WORK TO BE COMPLETED: Print the lines that run from the line with "Cover: 9781441138187 |" to the line with "プロが検証】GTPLAYER ゲーミングチェア LR002新シリーズのデメリット", keeping both end lines, exactly as they appear in the entries below, and nothing else.

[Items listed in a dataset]
════

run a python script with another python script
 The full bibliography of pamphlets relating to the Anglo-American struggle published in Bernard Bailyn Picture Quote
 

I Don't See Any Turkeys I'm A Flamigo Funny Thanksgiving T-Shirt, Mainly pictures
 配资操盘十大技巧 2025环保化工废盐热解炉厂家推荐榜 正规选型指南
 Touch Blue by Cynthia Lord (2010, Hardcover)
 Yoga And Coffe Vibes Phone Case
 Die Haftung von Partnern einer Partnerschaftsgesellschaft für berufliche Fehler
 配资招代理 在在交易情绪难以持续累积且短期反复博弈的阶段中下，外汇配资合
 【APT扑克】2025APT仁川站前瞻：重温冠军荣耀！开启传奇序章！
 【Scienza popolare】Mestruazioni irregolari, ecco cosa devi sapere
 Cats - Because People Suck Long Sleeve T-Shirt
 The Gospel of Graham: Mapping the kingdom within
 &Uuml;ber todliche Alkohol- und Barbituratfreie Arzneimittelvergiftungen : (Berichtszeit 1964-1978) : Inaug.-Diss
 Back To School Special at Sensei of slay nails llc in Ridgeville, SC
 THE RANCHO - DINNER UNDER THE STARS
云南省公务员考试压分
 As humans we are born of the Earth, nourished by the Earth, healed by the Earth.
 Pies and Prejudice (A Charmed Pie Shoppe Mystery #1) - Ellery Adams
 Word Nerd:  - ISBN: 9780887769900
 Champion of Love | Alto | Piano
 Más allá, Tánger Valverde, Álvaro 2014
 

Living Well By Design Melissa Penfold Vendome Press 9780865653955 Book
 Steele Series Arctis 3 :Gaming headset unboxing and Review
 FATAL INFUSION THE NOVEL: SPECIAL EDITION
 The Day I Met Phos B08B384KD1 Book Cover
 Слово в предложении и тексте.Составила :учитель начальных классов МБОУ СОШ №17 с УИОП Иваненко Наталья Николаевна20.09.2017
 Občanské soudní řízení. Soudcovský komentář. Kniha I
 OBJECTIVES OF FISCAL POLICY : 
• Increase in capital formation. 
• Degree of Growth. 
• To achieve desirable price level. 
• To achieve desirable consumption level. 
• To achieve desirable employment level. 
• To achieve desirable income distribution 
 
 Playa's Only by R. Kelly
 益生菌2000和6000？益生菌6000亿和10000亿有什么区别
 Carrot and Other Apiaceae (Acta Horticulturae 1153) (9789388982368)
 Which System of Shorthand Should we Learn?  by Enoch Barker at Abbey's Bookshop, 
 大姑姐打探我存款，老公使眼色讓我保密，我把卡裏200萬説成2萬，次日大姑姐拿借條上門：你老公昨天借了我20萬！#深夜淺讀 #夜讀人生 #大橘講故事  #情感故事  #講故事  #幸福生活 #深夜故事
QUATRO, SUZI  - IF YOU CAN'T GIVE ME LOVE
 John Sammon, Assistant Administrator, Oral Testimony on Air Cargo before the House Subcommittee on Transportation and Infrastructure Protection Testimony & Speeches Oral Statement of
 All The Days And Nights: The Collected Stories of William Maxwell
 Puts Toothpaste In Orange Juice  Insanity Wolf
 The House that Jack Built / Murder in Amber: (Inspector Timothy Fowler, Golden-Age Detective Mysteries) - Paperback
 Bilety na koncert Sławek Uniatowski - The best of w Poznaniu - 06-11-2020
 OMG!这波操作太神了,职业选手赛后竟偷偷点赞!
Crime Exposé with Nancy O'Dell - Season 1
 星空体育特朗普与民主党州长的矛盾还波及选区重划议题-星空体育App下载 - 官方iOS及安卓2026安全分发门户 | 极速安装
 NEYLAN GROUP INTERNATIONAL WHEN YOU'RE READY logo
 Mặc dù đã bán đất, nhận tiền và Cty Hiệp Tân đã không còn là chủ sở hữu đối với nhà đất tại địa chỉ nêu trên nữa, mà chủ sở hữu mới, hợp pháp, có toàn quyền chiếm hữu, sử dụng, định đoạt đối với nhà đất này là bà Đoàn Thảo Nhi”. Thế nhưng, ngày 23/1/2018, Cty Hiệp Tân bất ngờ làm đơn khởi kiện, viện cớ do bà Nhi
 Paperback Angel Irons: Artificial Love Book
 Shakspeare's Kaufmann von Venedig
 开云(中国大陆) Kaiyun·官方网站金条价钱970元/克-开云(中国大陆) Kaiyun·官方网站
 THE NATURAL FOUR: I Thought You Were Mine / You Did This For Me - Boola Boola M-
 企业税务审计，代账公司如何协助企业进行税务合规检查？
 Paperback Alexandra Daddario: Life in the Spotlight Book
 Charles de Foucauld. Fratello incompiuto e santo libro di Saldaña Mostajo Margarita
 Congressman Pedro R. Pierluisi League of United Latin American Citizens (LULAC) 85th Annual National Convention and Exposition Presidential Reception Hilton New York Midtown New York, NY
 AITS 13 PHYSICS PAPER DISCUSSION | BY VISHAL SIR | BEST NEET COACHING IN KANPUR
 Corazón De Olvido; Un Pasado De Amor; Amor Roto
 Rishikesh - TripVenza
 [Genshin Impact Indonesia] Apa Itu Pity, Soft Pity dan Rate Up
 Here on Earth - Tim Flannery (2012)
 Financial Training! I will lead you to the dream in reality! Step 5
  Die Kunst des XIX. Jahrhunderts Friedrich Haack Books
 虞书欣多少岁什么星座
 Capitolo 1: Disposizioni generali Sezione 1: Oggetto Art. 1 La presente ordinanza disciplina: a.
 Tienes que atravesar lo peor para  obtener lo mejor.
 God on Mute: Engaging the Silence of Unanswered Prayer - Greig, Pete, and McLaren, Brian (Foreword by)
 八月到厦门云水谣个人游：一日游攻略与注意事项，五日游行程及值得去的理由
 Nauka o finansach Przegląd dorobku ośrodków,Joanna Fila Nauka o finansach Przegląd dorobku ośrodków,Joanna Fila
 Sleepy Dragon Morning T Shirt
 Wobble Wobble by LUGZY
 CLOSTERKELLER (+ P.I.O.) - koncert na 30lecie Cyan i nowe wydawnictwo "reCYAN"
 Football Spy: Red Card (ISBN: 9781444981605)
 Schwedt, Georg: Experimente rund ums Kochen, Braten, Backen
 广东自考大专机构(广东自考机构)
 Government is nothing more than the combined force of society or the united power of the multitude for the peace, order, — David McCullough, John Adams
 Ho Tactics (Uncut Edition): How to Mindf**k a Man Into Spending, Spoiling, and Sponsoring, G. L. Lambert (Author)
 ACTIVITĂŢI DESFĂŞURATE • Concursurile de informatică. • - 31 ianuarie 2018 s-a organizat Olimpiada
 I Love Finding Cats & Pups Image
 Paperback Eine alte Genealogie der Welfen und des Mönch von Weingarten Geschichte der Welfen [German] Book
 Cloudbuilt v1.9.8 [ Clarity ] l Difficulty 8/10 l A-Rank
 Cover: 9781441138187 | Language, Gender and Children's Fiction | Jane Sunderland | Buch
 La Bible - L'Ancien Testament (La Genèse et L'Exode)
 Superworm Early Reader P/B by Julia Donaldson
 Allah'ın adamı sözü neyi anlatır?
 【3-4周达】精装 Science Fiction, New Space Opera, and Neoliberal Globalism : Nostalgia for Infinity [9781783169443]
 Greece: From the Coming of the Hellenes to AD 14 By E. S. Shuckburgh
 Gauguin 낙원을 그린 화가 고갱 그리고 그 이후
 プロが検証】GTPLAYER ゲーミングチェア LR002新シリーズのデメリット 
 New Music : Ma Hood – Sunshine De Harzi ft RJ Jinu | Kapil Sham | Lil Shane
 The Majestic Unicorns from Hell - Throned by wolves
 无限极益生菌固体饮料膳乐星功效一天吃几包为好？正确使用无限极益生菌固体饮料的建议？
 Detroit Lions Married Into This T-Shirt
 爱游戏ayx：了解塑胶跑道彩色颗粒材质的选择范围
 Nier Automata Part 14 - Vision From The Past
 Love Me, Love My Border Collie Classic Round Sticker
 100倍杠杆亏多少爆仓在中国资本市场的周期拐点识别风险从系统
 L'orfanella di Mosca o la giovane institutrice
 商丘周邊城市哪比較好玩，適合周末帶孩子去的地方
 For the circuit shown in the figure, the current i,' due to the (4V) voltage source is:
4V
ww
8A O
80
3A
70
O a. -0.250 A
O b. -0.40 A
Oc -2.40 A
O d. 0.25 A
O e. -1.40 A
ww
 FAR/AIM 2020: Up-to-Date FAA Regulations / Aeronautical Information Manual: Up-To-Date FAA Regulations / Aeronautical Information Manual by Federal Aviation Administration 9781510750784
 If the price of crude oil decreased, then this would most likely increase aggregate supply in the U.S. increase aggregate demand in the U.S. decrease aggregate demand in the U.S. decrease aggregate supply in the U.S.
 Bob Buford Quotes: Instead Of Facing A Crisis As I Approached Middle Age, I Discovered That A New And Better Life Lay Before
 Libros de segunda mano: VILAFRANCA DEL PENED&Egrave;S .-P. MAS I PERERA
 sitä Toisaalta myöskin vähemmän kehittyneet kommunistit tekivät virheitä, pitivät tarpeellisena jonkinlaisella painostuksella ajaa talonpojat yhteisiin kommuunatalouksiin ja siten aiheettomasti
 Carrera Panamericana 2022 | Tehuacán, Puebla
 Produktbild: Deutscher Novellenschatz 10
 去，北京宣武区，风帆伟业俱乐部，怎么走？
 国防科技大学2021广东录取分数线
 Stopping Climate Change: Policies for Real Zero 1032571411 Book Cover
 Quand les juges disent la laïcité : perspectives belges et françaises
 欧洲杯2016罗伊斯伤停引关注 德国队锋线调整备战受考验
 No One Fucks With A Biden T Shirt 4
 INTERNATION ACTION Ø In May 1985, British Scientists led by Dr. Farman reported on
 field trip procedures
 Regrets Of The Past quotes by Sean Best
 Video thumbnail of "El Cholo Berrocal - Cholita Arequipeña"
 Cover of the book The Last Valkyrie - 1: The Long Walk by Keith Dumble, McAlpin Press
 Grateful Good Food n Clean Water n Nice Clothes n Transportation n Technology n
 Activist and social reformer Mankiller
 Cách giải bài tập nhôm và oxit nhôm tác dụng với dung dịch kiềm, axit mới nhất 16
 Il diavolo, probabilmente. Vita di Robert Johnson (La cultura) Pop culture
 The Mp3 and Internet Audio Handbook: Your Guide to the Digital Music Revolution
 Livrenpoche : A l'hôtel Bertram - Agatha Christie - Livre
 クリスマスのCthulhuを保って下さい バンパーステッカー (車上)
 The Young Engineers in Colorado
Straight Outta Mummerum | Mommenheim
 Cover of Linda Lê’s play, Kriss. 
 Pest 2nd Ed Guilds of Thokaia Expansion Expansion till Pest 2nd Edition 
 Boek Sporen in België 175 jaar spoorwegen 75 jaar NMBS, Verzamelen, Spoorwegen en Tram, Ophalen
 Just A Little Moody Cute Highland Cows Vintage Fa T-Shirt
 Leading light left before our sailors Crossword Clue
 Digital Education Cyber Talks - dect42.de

════

REPLY:
 Cover: 9781441138187 | Language, Gender and Children's Fiction | Jane Sunderland | Buch
 La Bible - L'Ancien Testament (La Genèse et L'Exode)
 Superworm Early Reader P/B by Julia Donaldson
 Allah'ın adamı sözü neyi anlatır?
 【3-4周达】精装 Science Fiction, New Space Opera, and Neoliberal Globalism : Nostalgia for Infinity [9781783169443]
 Greece: From the Coming of the Hellenes to AD 14 By E. S. Shuckburgh
 Gauguin 낙원을 그린 화가 고갱 그리고 그 이후
 プロが検証】GTPLAYER ゲーミングチェア LR002新シリーズのデメリット 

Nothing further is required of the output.